A lot of this area is part of Kielder Forest. As a plantation, you will often pass through areas of it that have been harvested (it yields around 500,000 cubic metres of timber a year). This was the case of the area we soon reached, after we’d broken away from the Pennine Way in order to visit the Three Kings standing stones. We then had to meander along forest trails to pick up the Pennine Way again just before another detour took us to see Blakehopeburnhaugh waterfall. It’s quite a pretty spot, a long and thin cascade hidden within the trees.
After a few miles of forest track, the route forks to the left and rises along a rocky path until suddenly the view opens up from Brownrigg Head. This is a remote spot and we soon passed ten miles into the walk, having seen neither road nor house and no more than a scant handful of other walkers.
The path rises and falls along moorland, some areas being notably more boggy than others. We finally caught up with our two walkers who had had the head start, but only because they’d paused for a leisurely lunch. They then had to wait whilst the rest of the group ate in the shelter of a large boulder before we headed onwards.

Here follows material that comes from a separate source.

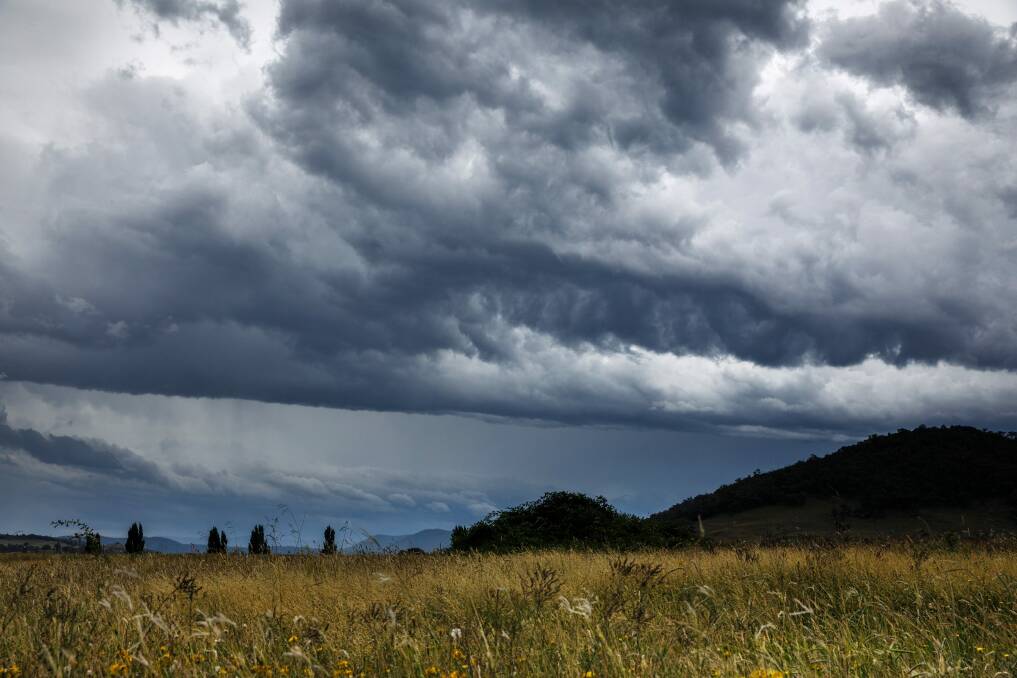 Storm clouds make their way over Uriarra.  Photo: Sitthixay Ditthavong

The path started to drop off the moor after about twelve miles, crossing the B6320 and passing along the edge of farmland. A final drop picked up the road into Bellingham (pronounced Belling-jam, we were advised). It’s a nice small town, although the Rose & Crown pub was a bit like the Slaughtered Lamb so we had a couple of pints in the Black Bull, where we also ate after checking into the Cheviot Hotel.
Dinner was rather sub-optimal. Bangers-and-mash was three or four chipolatas and a small pile of what someone suspected was Smash (on the other hand. the veggie option yielded six massive sausages, which was an interesting contrast) and all meals were accompanied by microwaved frozen veg. The staff were rushed off their feet, which might have explained it. At least the beer was good. We were chatting with the lady who served us breakfast in the Cheviot the next day and she exclaimed, “you went there?? For food??????”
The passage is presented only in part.